DATA SHOWN »
□ □ □ □ □
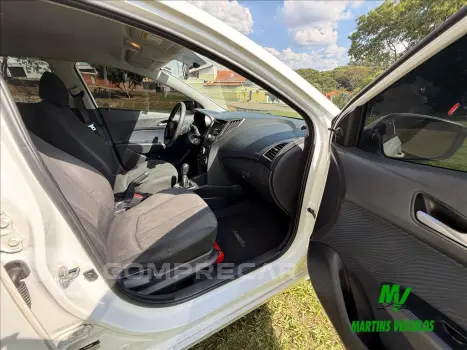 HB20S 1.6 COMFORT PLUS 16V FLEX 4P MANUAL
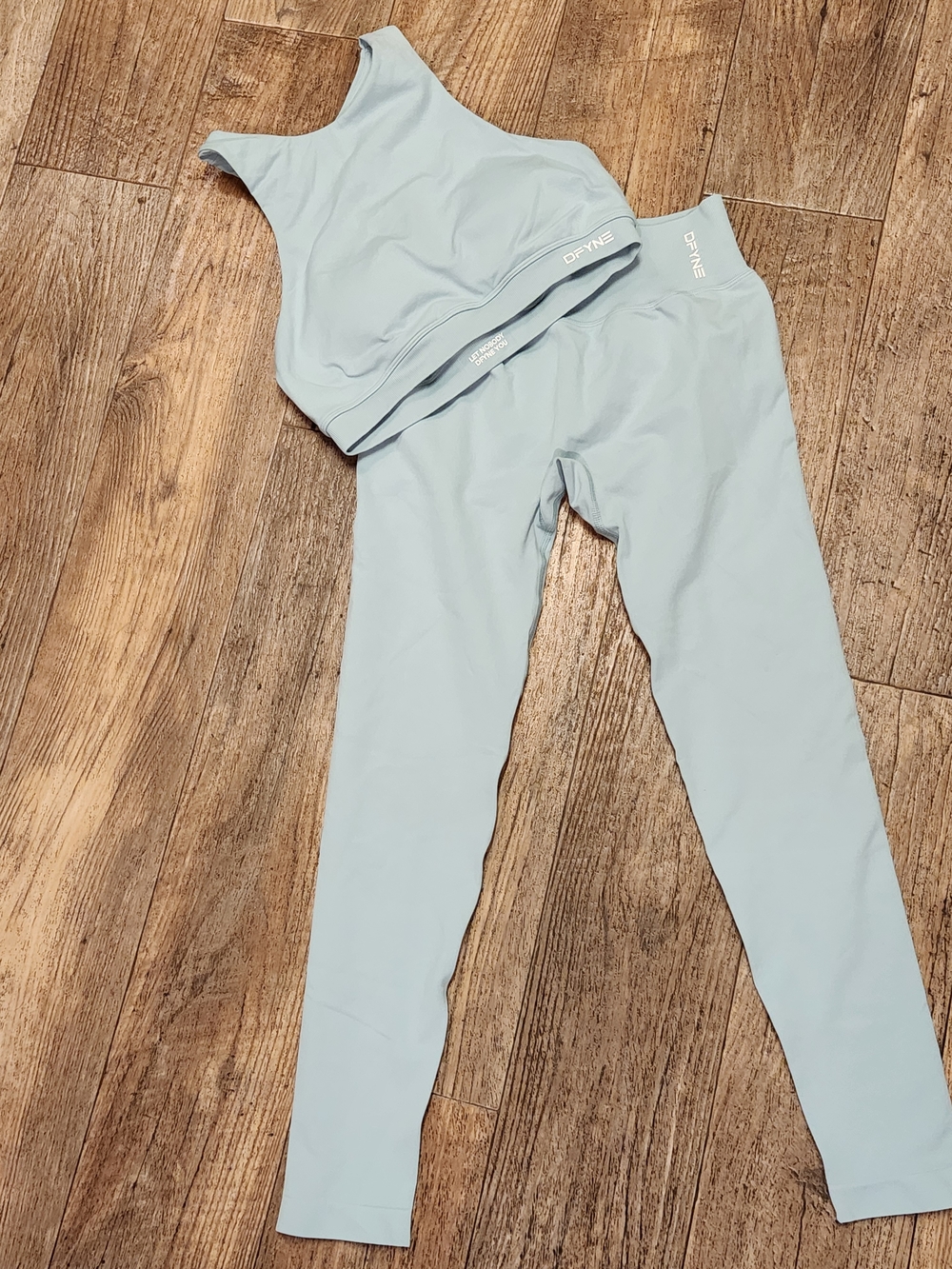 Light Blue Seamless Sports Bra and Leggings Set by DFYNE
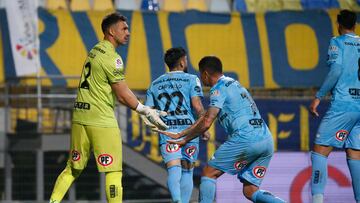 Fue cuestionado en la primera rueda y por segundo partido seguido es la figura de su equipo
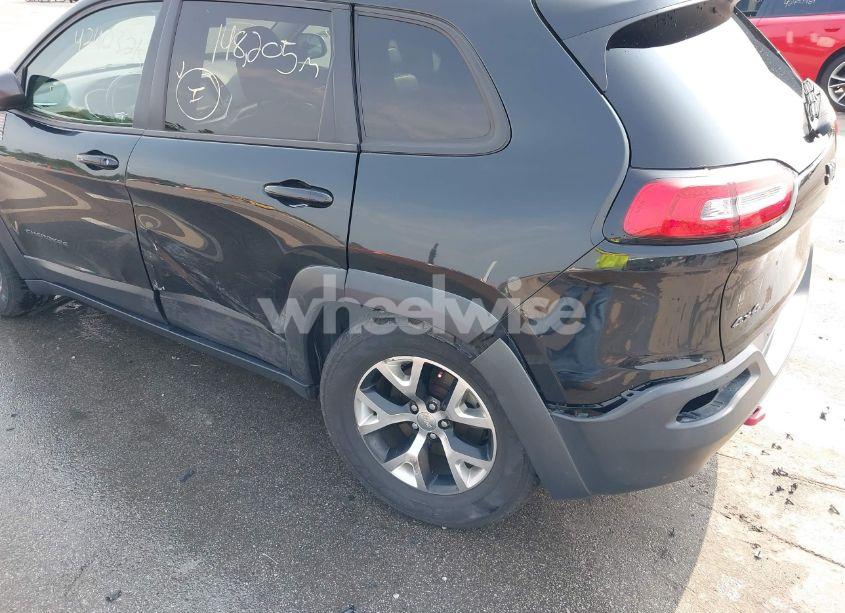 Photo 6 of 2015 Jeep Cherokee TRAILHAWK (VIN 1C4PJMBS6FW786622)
□ □ □ □ □
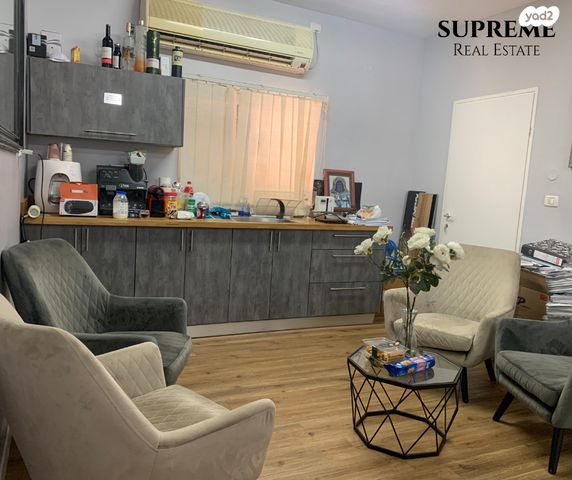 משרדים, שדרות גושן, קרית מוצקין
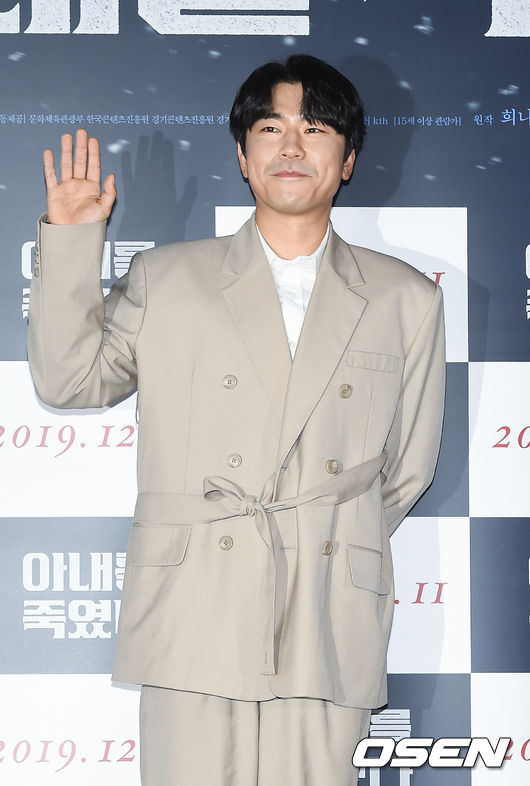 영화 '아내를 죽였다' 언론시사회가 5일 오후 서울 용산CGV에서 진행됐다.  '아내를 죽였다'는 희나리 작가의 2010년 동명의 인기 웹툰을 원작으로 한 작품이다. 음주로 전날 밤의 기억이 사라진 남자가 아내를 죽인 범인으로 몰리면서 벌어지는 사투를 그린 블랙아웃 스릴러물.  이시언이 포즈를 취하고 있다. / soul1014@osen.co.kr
□ □ □ □ □
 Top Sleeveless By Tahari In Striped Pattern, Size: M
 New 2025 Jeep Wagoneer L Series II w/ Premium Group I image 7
□ □ □ □ □
TASK GOAL » When you reach the line with "HB20S 1.6 COMFORT PLUS 16V FLEX 4P MANUAL" in the records above, begin repeating the lines exactly, and stop after the line with "Photo 6 of 2015". Skip all pictures.

EXPECTED ANSWER »
 HB20S 1.6 COMFORT PLUS 16V FLEX 4P MANUAL
 Light Blue Seamless Sports Bra and Leggings Set by DFYNE
 Fue cuestionado en la primera rueda y por segundo partido seguido es la figura de su equipo
 Photo 6 of 2015 Jeep Cherokee TRAILHAWK (VIN 1C4PJMBS6FW786622)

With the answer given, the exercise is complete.